## [TASK]
Given the material below, output exactly the lines from the line with "18K Rose Gold" to the line with "Zug / Lokomotive", both ends included, and no other lines.

══ AVAILABLE RECORDS

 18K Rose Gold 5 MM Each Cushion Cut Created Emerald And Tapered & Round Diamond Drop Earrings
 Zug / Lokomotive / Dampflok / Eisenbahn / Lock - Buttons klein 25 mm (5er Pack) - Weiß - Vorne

════
══ AVAILABLE RECORDS

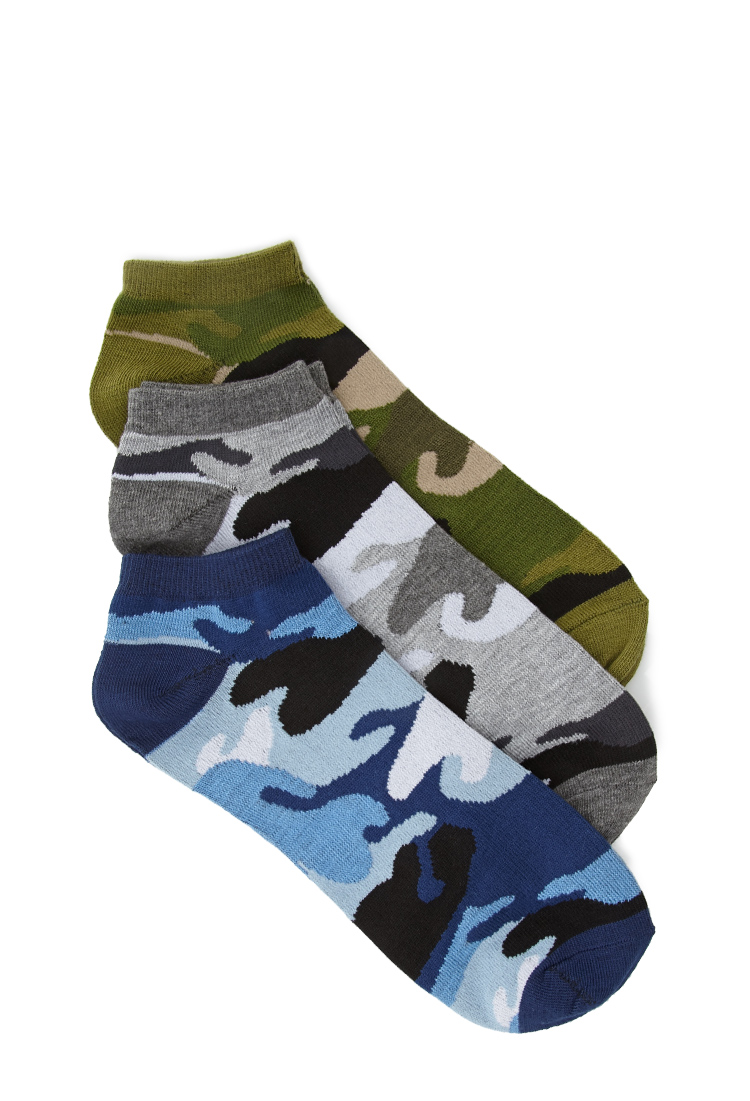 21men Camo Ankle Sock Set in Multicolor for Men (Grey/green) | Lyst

════

## [RESPONSE AREA]
 18K Rose Gold 5 MM Each Cushion Cut Created Emerald And Tapered & Round Diamond Drop Earrings
 Zug / Lokomotive / Dampflok / Eisenbahn / Lock - Buttons klein 25 mm (5er Pack) - Weiß - Vorne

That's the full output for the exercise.